The creatures – epitomised by Ratty in Kenneth Grahame’s pastoral classic Wind in the Willows – are “thriving” in Easterhouse in the east end of Glasgow.
A researcher from Glasgow University has been called in by the city council to get to the bottom of the mystery.
After trapping and tagging several of the Glaswegian voles – using empty Pringles tubes – the researcher calculated there are up to 150 per hectare in the area, almost four times the average of their riverbank cousins.
How they got there remains a mystery. The Clyde is about two miles away at its closest point and the North Calder Water about the same.
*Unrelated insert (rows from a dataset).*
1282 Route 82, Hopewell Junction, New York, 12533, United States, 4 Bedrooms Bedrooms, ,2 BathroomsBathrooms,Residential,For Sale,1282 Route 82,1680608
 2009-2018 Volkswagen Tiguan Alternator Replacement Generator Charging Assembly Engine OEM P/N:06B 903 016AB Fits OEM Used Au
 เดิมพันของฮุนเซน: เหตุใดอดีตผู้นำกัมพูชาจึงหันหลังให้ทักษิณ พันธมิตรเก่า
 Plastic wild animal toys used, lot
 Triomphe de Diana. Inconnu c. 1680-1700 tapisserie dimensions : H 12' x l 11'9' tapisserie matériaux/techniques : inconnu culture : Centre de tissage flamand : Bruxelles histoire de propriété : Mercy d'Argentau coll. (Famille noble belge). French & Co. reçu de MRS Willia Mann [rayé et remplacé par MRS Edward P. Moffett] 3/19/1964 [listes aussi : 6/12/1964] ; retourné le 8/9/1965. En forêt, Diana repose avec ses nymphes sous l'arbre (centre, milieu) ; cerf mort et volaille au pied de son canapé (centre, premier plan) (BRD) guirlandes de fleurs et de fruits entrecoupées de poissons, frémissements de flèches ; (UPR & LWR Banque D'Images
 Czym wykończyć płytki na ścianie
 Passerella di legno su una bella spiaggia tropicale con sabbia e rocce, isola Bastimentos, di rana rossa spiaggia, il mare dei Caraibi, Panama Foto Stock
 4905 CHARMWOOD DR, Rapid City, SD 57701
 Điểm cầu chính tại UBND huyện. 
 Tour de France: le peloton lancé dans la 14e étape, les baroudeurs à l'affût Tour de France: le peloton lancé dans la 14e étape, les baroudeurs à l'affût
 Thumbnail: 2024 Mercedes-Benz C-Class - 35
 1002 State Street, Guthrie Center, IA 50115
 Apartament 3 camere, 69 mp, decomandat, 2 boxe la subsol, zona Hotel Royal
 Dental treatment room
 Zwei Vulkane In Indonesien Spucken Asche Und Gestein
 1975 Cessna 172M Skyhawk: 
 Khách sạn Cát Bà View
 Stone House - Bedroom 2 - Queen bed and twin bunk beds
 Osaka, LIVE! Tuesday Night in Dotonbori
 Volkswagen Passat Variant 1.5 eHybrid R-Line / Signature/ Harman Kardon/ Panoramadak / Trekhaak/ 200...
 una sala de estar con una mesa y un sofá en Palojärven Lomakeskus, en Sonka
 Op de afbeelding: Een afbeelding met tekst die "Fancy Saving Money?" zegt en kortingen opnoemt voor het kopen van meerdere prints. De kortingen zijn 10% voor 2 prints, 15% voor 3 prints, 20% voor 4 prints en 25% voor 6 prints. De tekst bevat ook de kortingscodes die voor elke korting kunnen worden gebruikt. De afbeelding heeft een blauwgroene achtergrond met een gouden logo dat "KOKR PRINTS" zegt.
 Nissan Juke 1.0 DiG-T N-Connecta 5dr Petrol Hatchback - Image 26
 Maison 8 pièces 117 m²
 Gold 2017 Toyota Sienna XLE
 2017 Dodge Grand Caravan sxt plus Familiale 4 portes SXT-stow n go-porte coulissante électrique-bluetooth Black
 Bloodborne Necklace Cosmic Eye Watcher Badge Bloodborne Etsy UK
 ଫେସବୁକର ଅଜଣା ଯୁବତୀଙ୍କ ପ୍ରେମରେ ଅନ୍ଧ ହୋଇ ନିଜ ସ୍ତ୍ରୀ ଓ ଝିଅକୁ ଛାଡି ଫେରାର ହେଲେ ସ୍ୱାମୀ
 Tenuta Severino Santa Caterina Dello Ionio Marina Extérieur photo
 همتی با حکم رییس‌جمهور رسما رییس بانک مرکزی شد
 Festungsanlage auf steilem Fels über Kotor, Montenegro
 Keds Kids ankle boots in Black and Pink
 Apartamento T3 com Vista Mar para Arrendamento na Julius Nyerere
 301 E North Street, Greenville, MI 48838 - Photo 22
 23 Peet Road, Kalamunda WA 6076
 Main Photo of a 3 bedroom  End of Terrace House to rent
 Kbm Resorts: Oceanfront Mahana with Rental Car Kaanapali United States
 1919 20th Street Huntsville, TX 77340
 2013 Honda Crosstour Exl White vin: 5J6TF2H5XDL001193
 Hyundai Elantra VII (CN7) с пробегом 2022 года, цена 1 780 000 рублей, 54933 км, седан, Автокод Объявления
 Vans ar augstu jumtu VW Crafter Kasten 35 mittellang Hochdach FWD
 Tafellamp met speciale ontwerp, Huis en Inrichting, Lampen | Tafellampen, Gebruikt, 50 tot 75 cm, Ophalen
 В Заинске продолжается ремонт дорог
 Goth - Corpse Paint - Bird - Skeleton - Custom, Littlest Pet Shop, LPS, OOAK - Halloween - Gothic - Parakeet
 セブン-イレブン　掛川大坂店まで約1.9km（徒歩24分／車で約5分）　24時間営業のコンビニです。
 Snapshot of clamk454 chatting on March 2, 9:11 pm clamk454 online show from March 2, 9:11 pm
Easterhouse is one one of Scotland’s most deprived areas and is associated with high unemployment, drug dependency, and poor housing.
The water voles, a protected species, were discovered in 2008 when Easterhouse residents complained about a rat infestation in the area.
Pest control officers were shocked to discover the ‘rats’ were actually the dark brown water voles, similar in appearance to guinea-pigs.
Seven years on, Glasgow University researcher Robyn Stewart is able to confirm the existence of a distinct, thriving population of urban voles.
The creatures live in the area’s untended grassland, often within a few metres of roads and buildings. Some even exist by the side of the M8 itself.
She said: ““Unless I’d trapped them I’d be in doubt myself. Water voles are considered a species for pristine wetland habitats.
“What’s remarkable for me is seeing wildlife and human beings can co-exist. They are actually thriving in an urban environment.”
“It’s the highest density ever recorded in Britain to the best of my knowledge.
“You are actively tripping over them.”
Robyn admitted: “As to exactly how they got there I have no idea.
“There is a lot of litter and dumping going on. Water voles have dug under a dumped mattress using it as cover.”
The researcher used traps baited with apples and carrots, tagging the voles with microchips and documenting their numbers.
She added: “In terms of their burrows and the setup of their burrowing system it is exactly the standard water vole behavior.
“In heavy rain they block their burrows.”
Richard Weddle, membership secretary for the Glasgow Natural History Society, said the water voles have been “adopted by the local residents”.
“They realises they are special,” he said. “People first thought they were rats.”
One local theory – thought unlikely by researchers – is that the voles originally lived on the banks of the old Monkland Canal which was filled in to make way for the M8.
The British population of water voles has plummeted by 94 per cent since the 1950s.
By 2000 they were close to becoming extinct in many areas.